Court of Appeals of Minnesota
Mar 13, 2023
No. A22-1033 (Minn. Ct. App. Mar. 13, 2023)

Opinion

A22-1033

03-13-2023

John Robinson, et al., Appellants, v. USAA, Respondent.

William L. French, French Law Office, Rochester, Minnesota (for appellants) Timothy K. Masterson, Alexandra L. Zabinski, McCollum Crowley P.A., Bloomington, Minnesota (for respondent)


This opinion is nonprecedential except as provided by Minn. R. Civ. App. P. 136.01, subd. 1(c).

Olmsted County District Court File No. 55-CV-17-3046

William L. French, French Law Office, Rochester, Minnesota (for appellants)

Timothy K. Masterson, Alexandra L. Zabinski, McCollum Crowley P.A., Bloomington, Minnesota (for respondent)

Considered and decided by Connolly, Presiding Judge; Larkin, Judge; and Slieter, Judge.

CONNOLLY, JUDGE

In this appeal arising from an insurance-coverage dispute, appellants challenge the district court's entry of judgment on an appraisal award, arguing that the district court erred by (1) treating the appraisal award as an arbitration award; (2) ignoring the scheduling order; and (3) ignoring factual assertions made in a pro se "declaration." We affirm. A house owned by appellants John and Marguerite Robinson sustained hail damage.

Later, appellants' garage and its contents were damaged by a fire. The damage to appellants' house, garage, and personal property was covered by a homeowner's insurance policy that appellants purchased from respondent USAA. But after the parties failed to reach an agreement regarding the value of appellants' loss, appellants sued respondent to recover the full amount of their alleged loss.

Respondent's insurance policy contains a binding appraisal process for making valuation determinations. In accordance with this provision, the parties stipulated to proceed with the appraisal process. The district court then entered a corresponding order on September 1, 2017, stating that

Insurers providing fire-insurance policies in Minnesota are required to provide a minimum level of insurance coverage and include required provisions. See Minn. Stat. § 65A.01 (2022). The Minnesota Standard Fire Insurance Policy provides an appraisal process as an avenue to resolve disputes between an insured and an insurer regarding the amount of loss from a fire. See id. Under this process, each party appoints an appraiser when there is a disagreement over the amount of the loss. See id. The appraisers then select a neutral umpire, who resolves any differences between the two appraisers. See id. The two appraisers and the umpire constitute the appraisal panel. See id. And the written appraisal award determines "the amount of actual value and loss." Id.

within 30 days of the appraisal award being issued, the parties shall advise the Court of the outcome of the appraisal process and request a scheduling conference to identify the remaining issues in the case and determine whether said issues can be resolved by motion or if it will be necessary to set the matter on for trial.
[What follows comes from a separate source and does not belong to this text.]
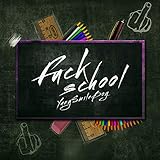 Fuck School [Explicit]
The appraisers inspected appellants' property and issued a unanimous written award totaling $82,142.41. Respondent subsequently moved to confirm the appraisal award under the Minnesota Uniform Arbitration Act (Act) and to enter judgment on the award, "minus deductibles and amounts already paid." Counsel for appellants did not respond to respondent's motion; instead, John Robinson filed a pro se brief claiming that (1) the appraisal process violated the Fourteenth Amendment to the United States Constitution, and (2) appellants were not "given an adequate opportunity to bring their amended contract and non-contract claims as per the order dated September 1, 2017." Marguerite Robinson did not sign the brief.

At the hearing on respondent's motion, respondent objected to consideration of John Robinson's pro se brief on that basis that it was filed while he was represented by counsel. The district court acknowledged that the pro se brief was not properly before the court but declined to strike it because the court had already read it, and because the arguments made therein had "no legal basis." Counsel for appellants then requested a one-week continuance, claiming that the September 1, 2017 "scheduling order [was] not . . . followed." Counsel for appellants argued that a hearing was necessary under the September 1, 2017 order to identify the remaining issues in the case. The district court declined the request for a continuance, granted respondent's motion, and entered judgment on the appraisal award. This appeal follows.

DECISION

I.

Appellants challenge the district court's confirmation of the appraisal award, arguing that under Oliver v. State Farm Fire &Cas. Ins. Co., 939 N.W.2d 749 (Minn. 2020), an "appraisal is not an 'agreement to arbitrate' governed by the Uniform Arbitration Act." In Oliver, the Minnesota Supreme Court held that the Act "does not apply to the appraisal process under the Minnesota Standard Fire Insurance Policy, Minn. Stat. § 65A.01." 939 N.W.2d at 754 (footnote omitted). Appellants contend that because "Oliver is fundamental law and controlling precedent" the district court's "decision to confirm the appraisal award [is] an error of law requiring an automatic reversal."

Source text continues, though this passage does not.